A federal court judge ruled last week that MaryAnn Sahoury's lawsuit against the Meredith Corp. could proceed. In January 2010, Sahoury agreed to demonstrate breast-feeding techniques with her month-old daughter in a video for Parents TV, which broadcasts original videos on parenting. Sahoury, who had had trouble breast-feeding, wanted to help women who faced similar difficulties, she said.
"I didn't get paid to do this. I didn't want to be some sort of celebrity," Sahoury, 35, told The Associated Press. "I did this to help other moms."
Sahoury claims she was told by a producer that only first names would be used in the video. When filming was over, Sahoury was asked to sign a piece of paper; she was juggling her daughter and signed it without reading.
Months later, Sahoury Googled herself. She was shocked by the results: numerous links to pornographic sites and videos containing her name. She clicked on one and saw the breast-feeding video spliced with a woman of "similar features and stature" performing sex acts, according to the lawsuit. Sahoury then Googled her infant daughter's name, which also returned links to pornographic sites and videos.
"It was terrifying," Sahoury said. "It was like I can't even control my life and it was spiraling out of control."
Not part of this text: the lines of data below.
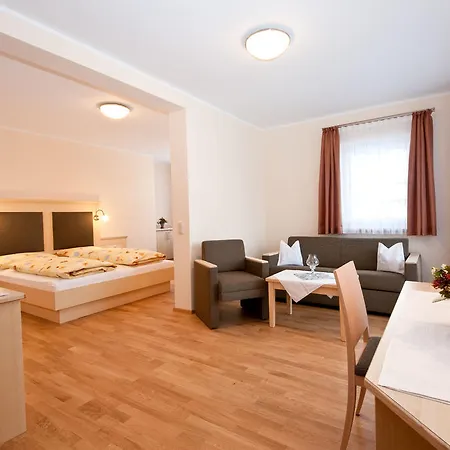 호텔 Wellness- Und Wohlfuehlhotel Waldeck 4*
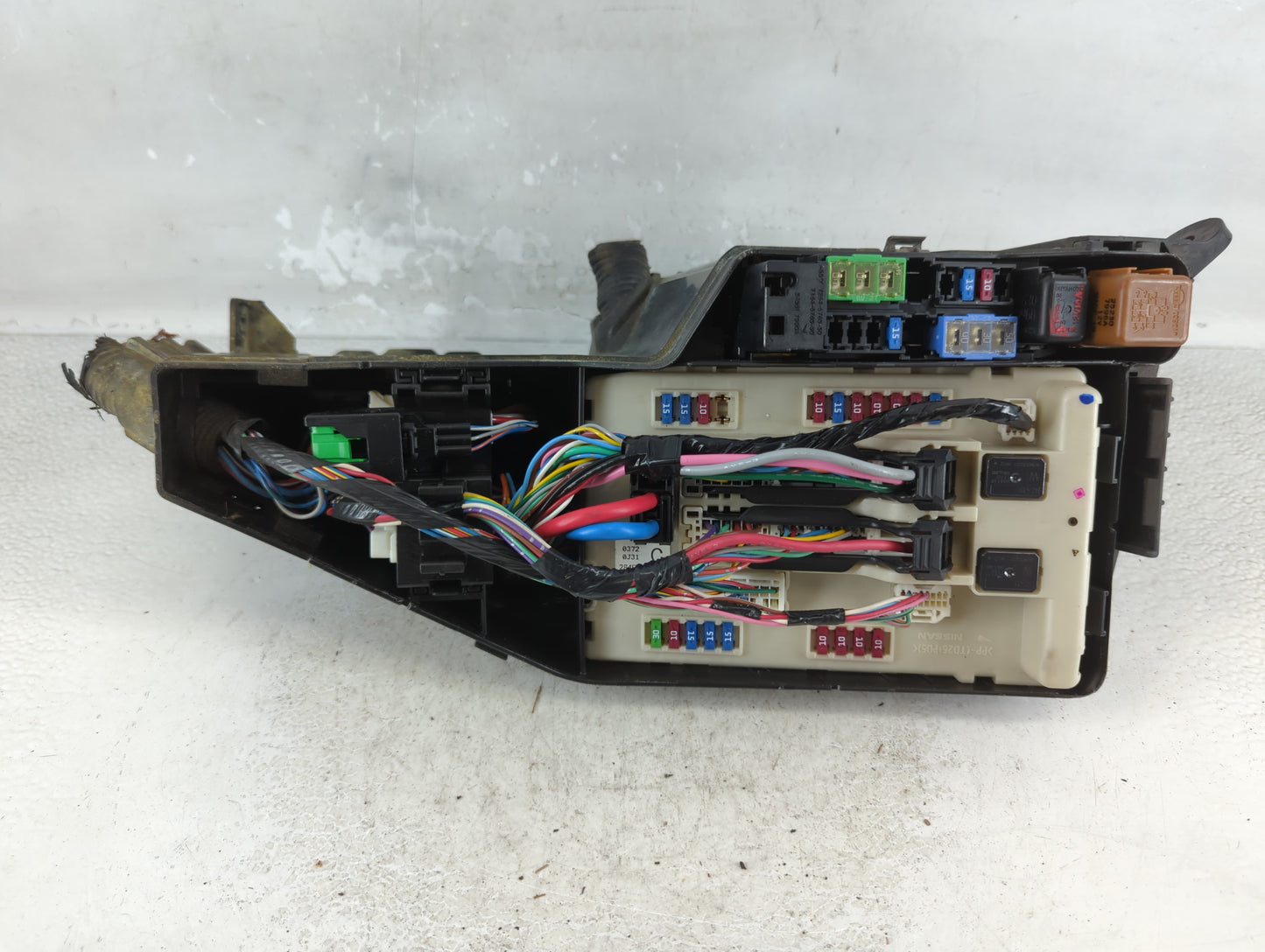 2007-2011 Nissan Altima Fusebox Fuse Box Panel Relay Module P/N:284B71AA1A Fits Fits 2007 2008 2009 2010 2011 OEM Used Auto Parts - Oemusedautoparts1.com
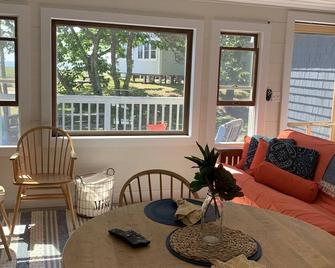 1 minute walk to Popham Beach - Phippsburg - Comedor
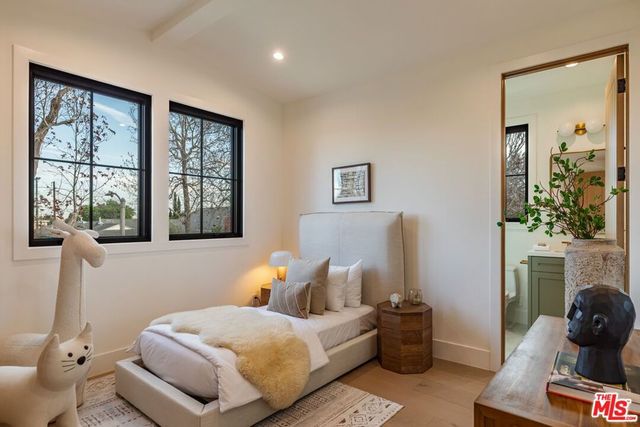 7419 Alverstone Avenue, Los Angeles, CA 90045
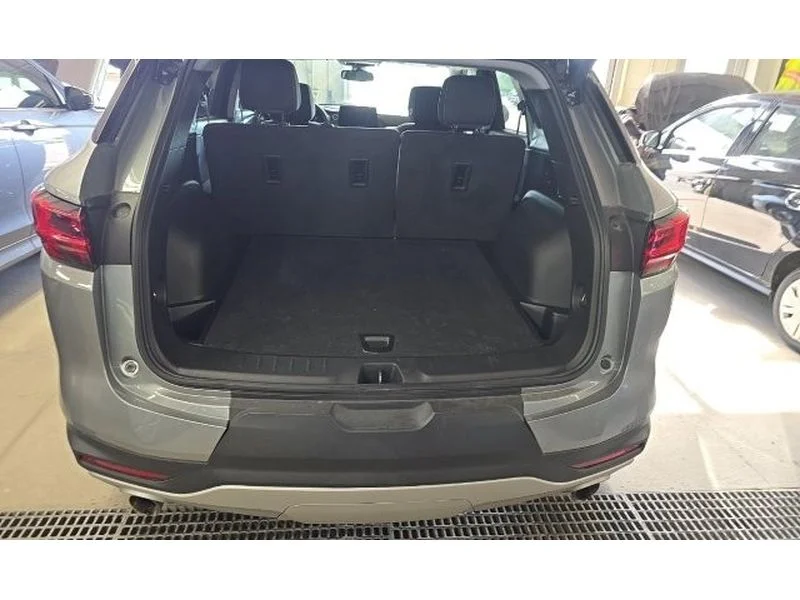 Used 2023 Sterling Gray Metallic Chevrolet LT image 10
Sahoury's full name was used in the video, the lawsuit states, yielding the Google results. The lawsuit also claims the video was placed on YouTube, when Sahoury was told it would appear only on Parents TV and cable television. Her lawsuit is seeking an order prohibiting the defendants from using the video featuring her and her daughter for any purpose; it also seeks attorney fees.
Meredith said the paper Sahoury signed was a release authorizing the company to use her "image, voice and name," according to her suit.
The lawsuit states the Des Moines, Iowa-based company initially worked to help find the person believed to be responsible for the video and remove it from the Internet, but the help waned. Sahoury said videos kept popping up even after they were taken down.
In a statement, Meredith said it is "appalled" that the video was misused and it hired lawyers to file take-down demands and Internet specialists to clear online caches and continues the "good-faith efforts."
"We have taken these actions even though Ms. Sahoury signed a full release for herself and her daughter," the statement said.
Sahoury said she hopes the lawsuit leads to greater Internet protections.
"I never want this to happen again," she said.